Gleichzeitig gibt es von Seiten des Gesetzgebers zwar zukünftig bisher keine Pflicht, aber einen gewissen Druck auf die Unternehmen, eine Schlichtung einer Streitigkeit durch eine Schlichtungsstelle zu akzeptieren. Denn ab voraussichtlich Anfang 2017 soll ein Onlinehändler den Verbraucher bei einem nicht beizulegenden Streit eine für ihn zuständige Schlichtungsstelle nennen und ihm mitteilen, ob er an einem Schlichtungsverfahren durch diese teilnimmt.
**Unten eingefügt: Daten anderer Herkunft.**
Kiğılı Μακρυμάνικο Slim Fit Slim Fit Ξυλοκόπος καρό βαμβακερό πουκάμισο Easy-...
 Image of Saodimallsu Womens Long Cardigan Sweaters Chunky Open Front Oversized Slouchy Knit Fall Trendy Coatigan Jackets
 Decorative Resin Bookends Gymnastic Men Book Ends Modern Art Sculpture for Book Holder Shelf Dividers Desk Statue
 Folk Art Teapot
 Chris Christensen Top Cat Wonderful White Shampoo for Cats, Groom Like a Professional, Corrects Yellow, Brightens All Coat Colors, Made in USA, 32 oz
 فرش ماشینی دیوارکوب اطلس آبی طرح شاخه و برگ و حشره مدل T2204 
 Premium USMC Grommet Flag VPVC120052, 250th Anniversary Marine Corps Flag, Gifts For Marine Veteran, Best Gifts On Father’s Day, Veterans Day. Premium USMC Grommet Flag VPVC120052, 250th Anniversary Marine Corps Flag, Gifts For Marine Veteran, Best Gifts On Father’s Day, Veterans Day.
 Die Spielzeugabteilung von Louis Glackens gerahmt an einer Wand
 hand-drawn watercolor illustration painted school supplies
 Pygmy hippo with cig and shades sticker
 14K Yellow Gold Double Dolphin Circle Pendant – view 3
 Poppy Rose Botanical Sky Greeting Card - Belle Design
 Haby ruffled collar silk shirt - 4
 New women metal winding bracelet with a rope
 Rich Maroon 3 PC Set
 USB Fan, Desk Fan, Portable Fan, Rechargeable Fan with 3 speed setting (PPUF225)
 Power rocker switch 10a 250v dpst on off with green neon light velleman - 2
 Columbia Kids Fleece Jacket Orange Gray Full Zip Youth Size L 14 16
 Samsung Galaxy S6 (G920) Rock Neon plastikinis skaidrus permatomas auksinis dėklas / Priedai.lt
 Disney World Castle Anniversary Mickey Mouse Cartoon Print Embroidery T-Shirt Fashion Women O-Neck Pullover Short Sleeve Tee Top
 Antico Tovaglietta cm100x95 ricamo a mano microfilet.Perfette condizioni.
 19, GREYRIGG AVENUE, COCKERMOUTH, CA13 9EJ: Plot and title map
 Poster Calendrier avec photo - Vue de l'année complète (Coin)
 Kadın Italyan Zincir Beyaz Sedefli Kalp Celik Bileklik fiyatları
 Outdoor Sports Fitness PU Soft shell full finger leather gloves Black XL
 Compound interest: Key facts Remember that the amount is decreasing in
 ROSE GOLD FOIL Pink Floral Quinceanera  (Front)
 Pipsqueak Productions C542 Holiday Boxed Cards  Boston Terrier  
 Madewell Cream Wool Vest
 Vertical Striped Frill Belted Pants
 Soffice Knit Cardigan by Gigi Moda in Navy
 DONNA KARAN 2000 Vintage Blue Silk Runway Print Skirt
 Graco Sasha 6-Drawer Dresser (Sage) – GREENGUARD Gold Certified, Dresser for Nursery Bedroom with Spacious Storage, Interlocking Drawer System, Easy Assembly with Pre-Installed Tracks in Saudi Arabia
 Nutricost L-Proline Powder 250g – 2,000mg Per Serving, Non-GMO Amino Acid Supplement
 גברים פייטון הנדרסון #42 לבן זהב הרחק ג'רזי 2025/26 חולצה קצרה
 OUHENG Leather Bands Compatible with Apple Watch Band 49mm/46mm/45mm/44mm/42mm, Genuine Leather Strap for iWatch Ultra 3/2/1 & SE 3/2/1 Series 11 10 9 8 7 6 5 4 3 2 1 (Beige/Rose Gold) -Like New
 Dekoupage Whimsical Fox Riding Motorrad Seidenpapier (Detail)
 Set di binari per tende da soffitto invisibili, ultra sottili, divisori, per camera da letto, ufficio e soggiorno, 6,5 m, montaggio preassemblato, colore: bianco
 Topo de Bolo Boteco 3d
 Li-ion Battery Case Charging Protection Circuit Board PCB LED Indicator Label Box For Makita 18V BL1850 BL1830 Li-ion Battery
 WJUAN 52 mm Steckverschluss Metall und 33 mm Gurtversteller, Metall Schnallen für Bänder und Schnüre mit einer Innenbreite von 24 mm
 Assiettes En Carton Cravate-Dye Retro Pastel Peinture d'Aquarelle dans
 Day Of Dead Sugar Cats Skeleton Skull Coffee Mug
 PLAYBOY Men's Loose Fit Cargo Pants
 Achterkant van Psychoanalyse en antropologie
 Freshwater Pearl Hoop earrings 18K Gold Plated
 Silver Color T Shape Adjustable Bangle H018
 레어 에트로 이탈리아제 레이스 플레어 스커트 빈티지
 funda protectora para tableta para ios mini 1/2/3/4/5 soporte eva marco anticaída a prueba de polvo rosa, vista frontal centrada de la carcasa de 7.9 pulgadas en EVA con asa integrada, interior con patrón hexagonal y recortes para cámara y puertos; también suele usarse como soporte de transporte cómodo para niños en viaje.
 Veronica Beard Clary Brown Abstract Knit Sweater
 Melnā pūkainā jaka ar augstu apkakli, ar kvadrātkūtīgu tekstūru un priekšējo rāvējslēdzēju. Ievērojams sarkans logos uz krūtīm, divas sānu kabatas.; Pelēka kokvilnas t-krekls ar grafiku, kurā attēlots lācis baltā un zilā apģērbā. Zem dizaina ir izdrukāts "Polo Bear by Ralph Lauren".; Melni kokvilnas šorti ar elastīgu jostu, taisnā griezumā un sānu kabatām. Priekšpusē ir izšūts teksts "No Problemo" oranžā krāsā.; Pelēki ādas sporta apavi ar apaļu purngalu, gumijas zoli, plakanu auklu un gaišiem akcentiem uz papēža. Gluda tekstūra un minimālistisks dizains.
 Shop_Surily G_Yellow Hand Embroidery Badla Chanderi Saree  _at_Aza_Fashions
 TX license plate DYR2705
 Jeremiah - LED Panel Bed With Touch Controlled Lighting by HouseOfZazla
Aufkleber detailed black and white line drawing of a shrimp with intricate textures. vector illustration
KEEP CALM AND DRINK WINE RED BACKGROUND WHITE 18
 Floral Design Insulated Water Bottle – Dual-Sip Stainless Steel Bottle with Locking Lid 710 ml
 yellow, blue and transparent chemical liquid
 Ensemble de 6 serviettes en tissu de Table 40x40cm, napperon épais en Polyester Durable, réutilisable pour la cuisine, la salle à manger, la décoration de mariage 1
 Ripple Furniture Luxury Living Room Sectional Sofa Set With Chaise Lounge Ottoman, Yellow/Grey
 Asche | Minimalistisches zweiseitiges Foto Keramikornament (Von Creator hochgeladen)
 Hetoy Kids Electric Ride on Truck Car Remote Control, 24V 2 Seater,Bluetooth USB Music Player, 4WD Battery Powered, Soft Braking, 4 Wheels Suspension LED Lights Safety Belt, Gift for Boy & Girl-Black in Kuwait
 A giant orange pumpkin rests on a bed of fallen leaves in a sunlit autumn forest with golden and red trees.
Wenn der Onlinehändler hier dem Verbraucher mitteilt, dass es die Universalschlichtungsstelle seines Bundeslandes gibt, der Händler sich aber einem Schlichtungsverfahren durch diese verweigert wirkt dies sicherlich etwas befremdlich.
Möglicherweise kann es sich für einen Onlinehändler lohnen, sich bei einem ausländischen Kunden lieber auf eine Schlichtungsstelle als auf ein ausländisches Gericht einzulassen, allerdings ist die Gefahr, vor Gericht zu landen durch die Schlichtung im Normalfall nicht gebannt.
Was ist für den Onlinehändler konkret zu tun?
Jeder Onlinehändler, unabhängig davon, ob er bereits bereit ist oder (aktuell gesetzlich nicht der Fall) verpflichtet ist an einem Schlichtungsverfahren teilzunehmen, oder ob er sich dem verweigert, muss:
–> Ab dem 09.01.2016 einen Link auf die Onlineplattform der EU zur Verbraucherschlichtung setzen, sicherheitshalber in Impressum und AGB.
–> Ab voraussichtlich Anfang 2017 bei einer Streitigkeit mit einem Verbraucher, welche sich nicht im beiderseitigen Einvernehmen lösen lässt, den Verbraucher auf eine Schlichtungsstelle hinweisen und mitteilen, ob der Onlinehändler dazu bereit ist, an einer solchen Schlichtung teilzunehmen.
Nur Onlinehändler, welche zu einem Schlichtungsverfahren verpflichtet sind, oder sich freiwillig zu einer solchen bereit erklären müssen zusätzlich:
–> Ab dem 09.01.2016 auf deren Webseite und in den AGB darauf hinweisen, dass die Onlineplattform der EU genutzt werden kann, um Streitschlichtungen durchzuführen
–> Ab voraussichtlich Anfang 2017 auf Webseite und in den AGB die zuständigen Schlichtungsstelle(n) mit Anschrift und Webseite hinweisen sowie erklären dass er an einer Streitbeilegung durch diese teilnimmt
Onlinehändler, die weder verpflichtet sind, noch bereit sind an einem Schlichtungsverfahren teilzunehmen müssen:
–> Ab voraussichtlich Anfang 2017 auf Webseite und in den AGB darauf hinweisen, dass diese nicht verpflichtet oder bereit sind, an einem Streitschlichtungsverfahren teilzunehmen
Diese Pflicht entfällt, so das Unternehmen zum 31.Dezember des Vorjahres zehn oder weniger Mitarbeiter hatte.